### AIM OF THE TASK
Reproduce every entry word for word. Drop all pictures from the copy.

### PROVIDED DATA
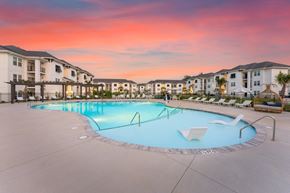 Shallotte apartment for rent - A swimming pool surrounded by lounge chairs and buildings in the background at Monument at Ocean and Main in Shallotte, NC..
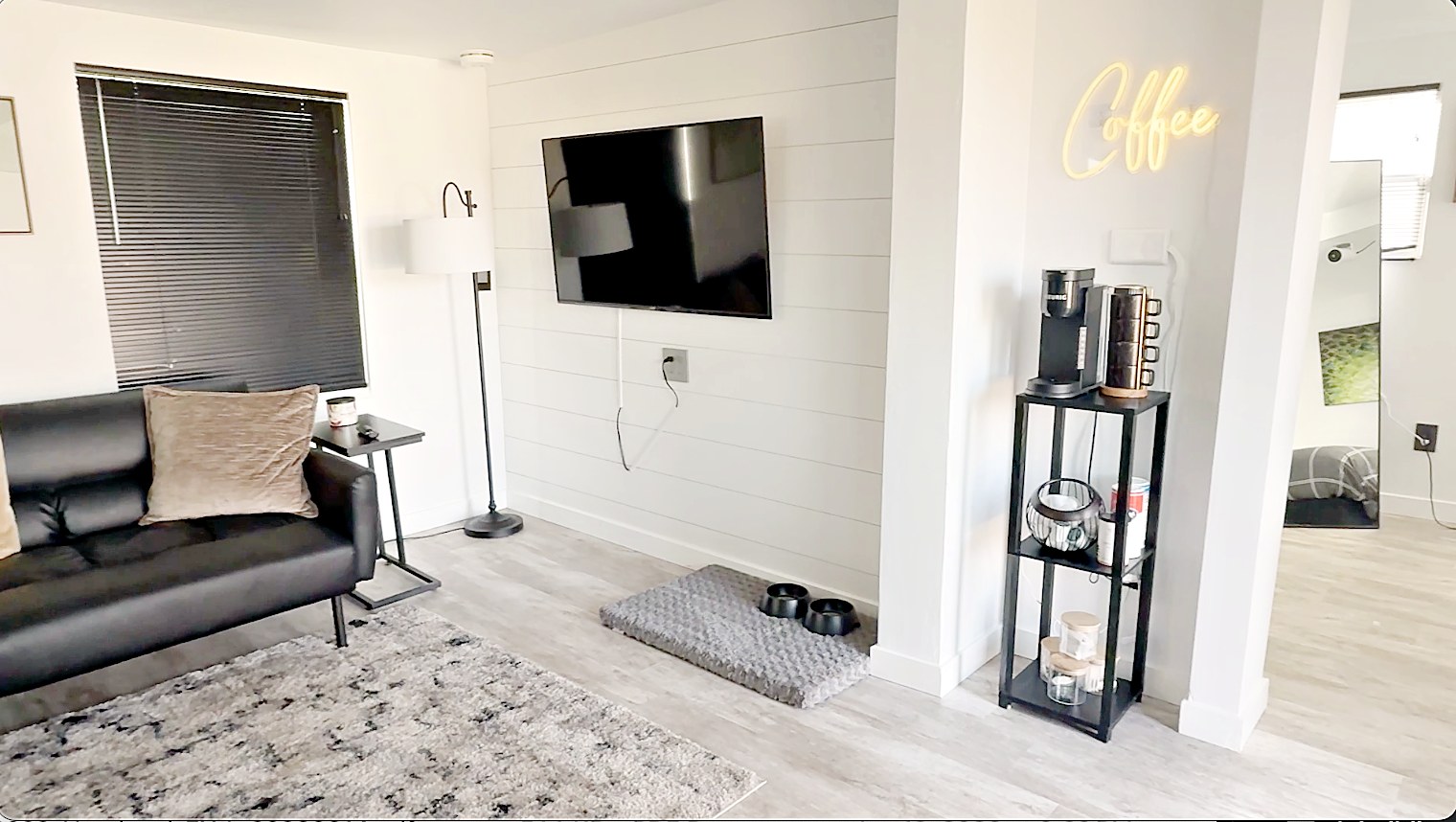 Living room with Smart TV, shiplap wall, and glowing coffee bar neon sign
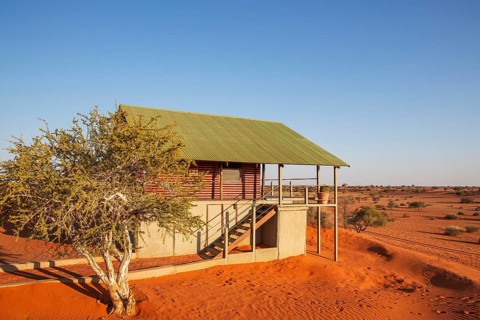 Some of the chalets of the Bagatelle Kalahari Game Ranch are built on top of a sand dune. Kalahari
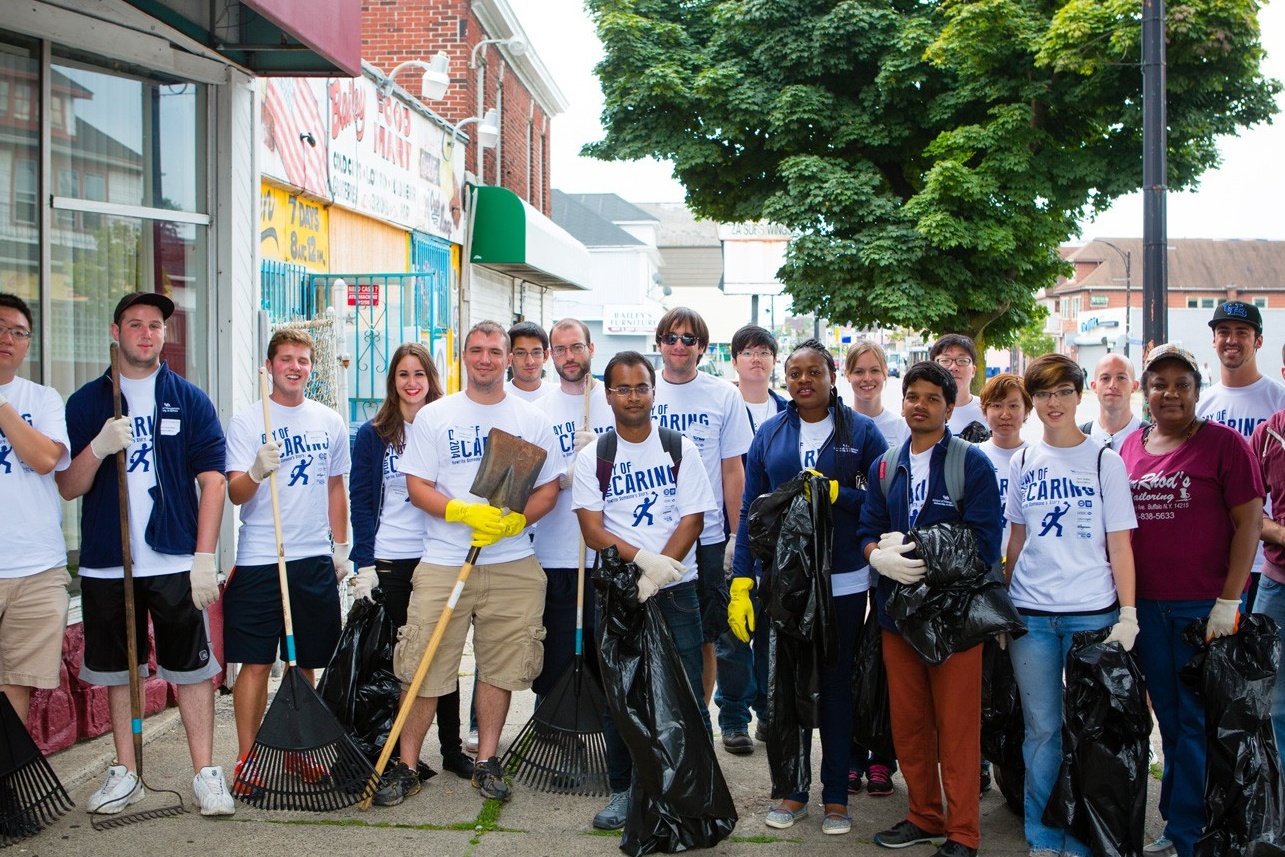 Students doing community work, cleaning up and planting a garden. 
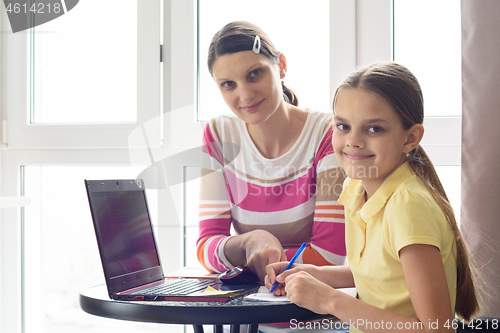 Image of Tutor and student distracted from class and looked into the frame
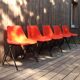 5 orange plastic chairs by Robin Day for Hille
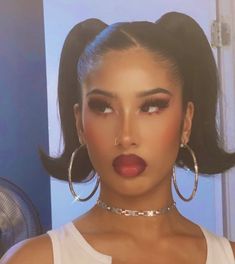 a woman with large hoop earrings and red lipstick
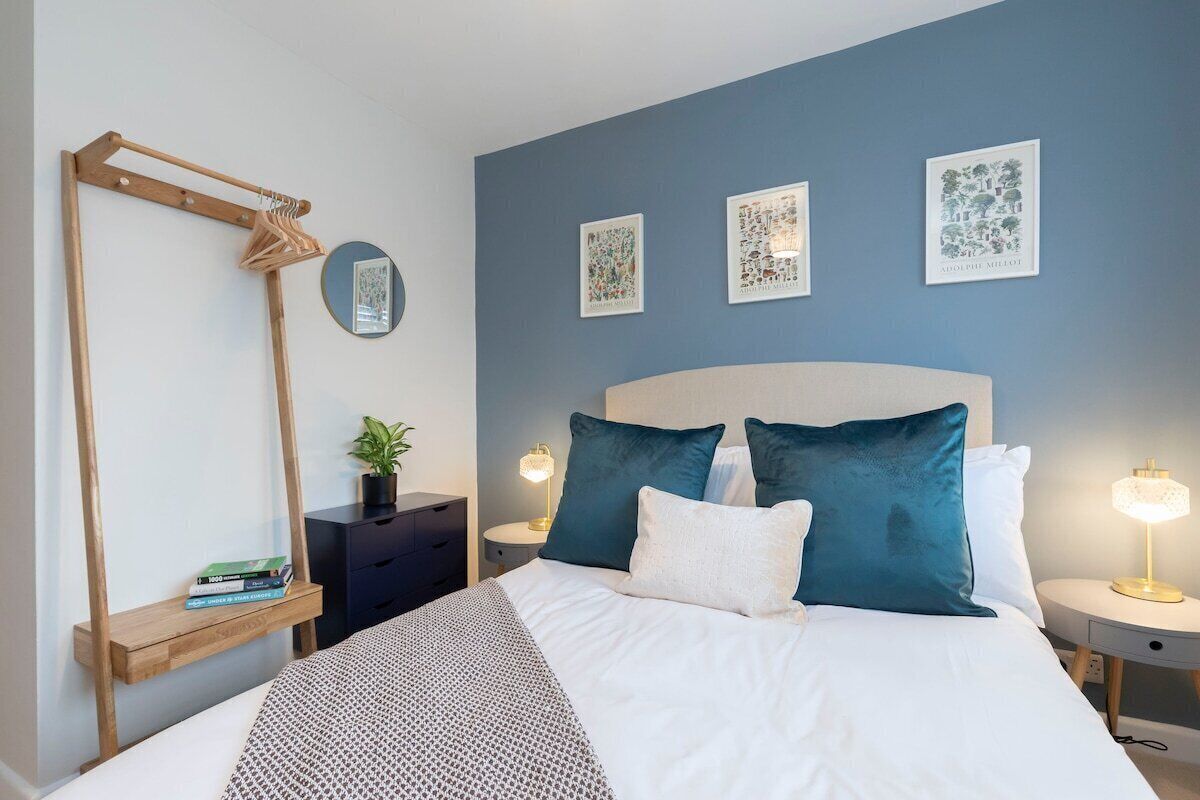 Une chambre à coucher comprenant un lit, des tables de chevet, un miroir et des œuvres d’art murales.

### ANSWER TO THE PROBLEM
 Shallotte apartment for rent - A swimming pool surrounded by lounge chairs and buildings in the background at Monument at Ocean and Main in Shallotte, NC..
 Living room with Smart TV, shiplap wall, and glowing coffee bar neon sign
 Some of the chalets of the Bagatelle Kalahari Game Ranch are built on top of a sand dune. Kalahari
 Students doing community work, cleaning up and planting a garden. 
 Image of Tutor and student distracted from class and looked into the frame
 5 orange plastic chairs by Robin Day for Hille
 a woman with large hoop earrings and red lipstick
 Une chambre à coucher comprenant un lit, des tables de chevet, un miroir et des œuvres d’art murales.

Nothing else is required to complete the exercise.